Data entries:
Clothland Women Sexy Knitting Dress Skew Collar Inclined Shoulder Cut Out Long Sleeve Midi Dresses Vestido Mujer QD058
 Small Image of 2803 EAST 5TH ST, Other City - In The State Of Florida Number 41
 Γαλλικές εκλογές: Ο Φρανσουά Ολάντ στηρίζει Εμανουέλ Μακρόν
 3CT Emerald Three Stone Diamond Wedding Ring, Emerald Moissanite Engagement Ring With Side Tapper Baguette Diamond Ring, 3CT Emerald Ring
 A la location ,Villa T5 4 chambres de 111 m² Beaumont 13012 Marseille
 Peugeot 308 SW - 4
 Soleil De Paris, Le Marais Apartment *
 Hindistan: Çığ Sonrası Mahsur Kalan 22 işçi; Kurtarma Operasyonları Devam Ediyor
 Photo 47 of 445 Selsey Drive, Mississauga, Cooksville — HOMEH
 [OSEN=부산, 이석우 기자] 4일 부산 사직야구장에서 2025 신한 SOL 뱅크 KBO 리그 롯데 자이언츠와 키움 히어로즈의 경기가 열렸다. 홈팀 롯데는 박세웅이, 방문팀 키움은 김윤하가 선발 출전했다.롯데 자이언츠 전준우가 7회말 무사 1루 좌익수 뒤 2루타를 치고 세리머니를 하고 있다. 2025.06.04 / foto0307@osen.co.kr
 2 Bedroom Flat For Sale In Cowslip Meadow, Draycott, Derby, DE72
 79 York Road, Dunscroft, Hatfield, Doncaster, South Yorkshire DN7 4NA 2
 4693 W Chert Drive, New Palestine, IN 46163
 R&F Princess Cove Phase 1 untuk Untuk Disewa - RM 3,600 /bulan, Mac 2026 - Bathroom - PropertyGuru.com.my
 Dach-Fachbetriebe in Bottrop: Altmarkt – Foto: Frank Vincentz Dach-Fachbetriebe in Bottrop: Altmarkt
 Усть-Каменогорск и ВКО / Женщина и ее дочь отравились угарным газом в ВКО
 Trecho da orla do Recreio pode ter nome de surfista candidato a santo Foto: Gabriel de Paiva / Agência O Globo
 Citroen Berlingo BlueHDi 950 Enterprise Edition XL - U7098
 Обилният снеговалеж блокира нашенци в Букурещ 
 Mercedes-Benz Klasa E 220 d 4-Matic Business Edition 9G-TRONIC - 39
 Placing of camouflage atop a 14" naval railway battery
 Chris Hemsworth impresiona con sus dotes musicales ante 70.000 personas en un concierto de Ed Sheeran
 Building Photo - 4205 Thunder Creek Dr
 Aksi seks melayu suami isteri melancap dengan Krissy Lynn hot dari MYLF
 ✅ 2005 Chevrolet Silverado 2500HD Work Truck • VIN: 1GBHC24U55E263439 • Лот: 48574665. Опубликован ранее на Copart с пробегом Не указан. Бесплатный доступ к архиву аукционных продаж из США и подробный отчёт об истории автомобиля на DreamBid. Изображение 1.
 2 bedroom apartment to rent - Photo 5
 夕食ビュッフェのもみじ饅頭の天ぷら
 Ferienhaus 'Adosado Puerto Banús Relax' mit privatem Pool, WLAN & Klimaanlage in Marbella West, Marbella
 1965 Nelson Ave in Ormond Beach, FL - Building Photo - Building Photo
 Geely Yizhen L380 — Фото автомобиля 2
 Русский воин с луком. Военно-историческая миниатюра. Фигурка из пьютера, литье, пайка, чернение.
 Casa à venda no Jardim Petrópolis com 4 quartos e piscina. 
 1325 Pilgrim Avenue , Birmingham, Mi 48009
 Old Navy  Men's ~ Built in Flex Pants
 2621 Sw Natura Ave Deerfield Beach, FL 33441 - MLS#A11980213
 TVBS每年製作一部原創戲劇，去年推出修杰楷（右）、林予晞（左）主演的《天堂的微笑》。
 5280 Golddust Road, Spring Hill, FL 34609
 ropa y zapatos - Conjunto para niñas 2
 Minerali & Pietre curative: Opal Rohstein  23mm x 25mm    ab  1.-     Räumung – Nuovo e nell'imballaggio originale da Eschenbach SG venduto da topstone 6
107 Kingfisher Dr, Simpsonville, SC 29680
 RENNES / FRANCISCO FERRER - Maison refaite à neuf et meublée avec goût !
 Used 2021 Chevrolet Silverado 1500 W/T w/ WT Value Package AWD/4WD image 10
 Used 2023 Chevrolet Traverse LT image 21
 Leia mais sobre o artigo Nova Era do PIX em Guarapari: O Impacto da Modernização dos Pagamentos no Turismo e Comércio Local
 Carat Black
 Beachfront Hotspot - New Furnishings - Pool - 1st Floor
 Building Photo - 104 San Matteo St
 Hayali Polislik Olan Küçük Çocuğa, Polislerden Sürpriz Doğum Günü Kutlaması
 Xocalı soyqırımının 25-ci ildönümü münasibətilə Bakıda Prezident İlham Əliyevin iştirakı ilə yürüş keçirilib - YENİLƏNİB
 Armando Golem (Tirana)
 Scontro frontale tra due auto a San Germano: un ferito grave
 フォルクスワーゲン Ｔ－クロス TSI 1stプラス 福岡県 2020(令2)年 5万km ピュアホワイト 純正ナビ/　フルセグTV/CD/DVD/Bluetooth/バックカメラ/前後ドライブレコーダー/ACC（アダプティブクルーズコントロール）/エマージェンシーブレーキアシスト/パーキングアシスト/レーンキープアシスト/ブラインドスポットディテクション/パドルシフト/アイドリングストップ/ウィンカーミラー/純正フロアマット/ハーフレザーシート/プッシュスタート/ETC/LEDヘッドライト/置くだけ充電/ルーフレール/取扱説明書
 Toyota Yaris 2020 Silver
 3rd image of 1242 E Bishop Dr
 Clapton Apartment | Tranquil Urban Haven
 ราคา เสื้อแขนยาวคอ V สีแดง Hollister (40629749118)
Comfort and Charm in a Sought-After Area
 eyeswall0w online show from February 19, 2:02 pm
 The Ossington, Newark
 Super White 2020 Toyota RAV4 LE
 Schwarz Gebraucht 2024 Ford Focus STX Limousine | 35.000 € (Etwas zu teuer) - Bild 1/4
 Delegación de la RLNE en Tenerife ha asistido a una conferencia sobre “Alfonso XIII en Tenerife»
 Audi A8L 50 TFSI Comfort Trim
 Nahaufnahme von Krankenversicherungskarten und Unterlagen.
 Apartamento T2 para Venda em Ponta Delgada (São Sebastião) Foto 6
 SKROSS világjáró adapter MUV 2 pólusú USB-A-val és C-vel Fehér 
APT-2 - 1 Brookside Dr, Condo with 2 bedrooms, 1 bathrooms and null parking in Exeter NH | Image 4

* Assignment
Going back to the entries above, set down exactly the lines that begin at the one with "Schwarz Gebraucht 2024" and end at the one with "Apartamento T2 para", both included, and nothing else.

* Exercise answer
 Schwarz Gebraucht 2024 Ford Focus STX Limousine | 35.000 € (Etwas zu teuer) - Bild 1/4
 Delegación de la RLNE en Tenerife ha asistido a una conferencia sobre “Alfonso XIII en Tenerife»
 Audi A8L 50 TFSI Comfort Trim
 Nahaufnahme von Krankenversicherungskarten und Unterlagen.
 Apartamento T2 para Venda em Ponta Delgada (São Sebastião) Foto 6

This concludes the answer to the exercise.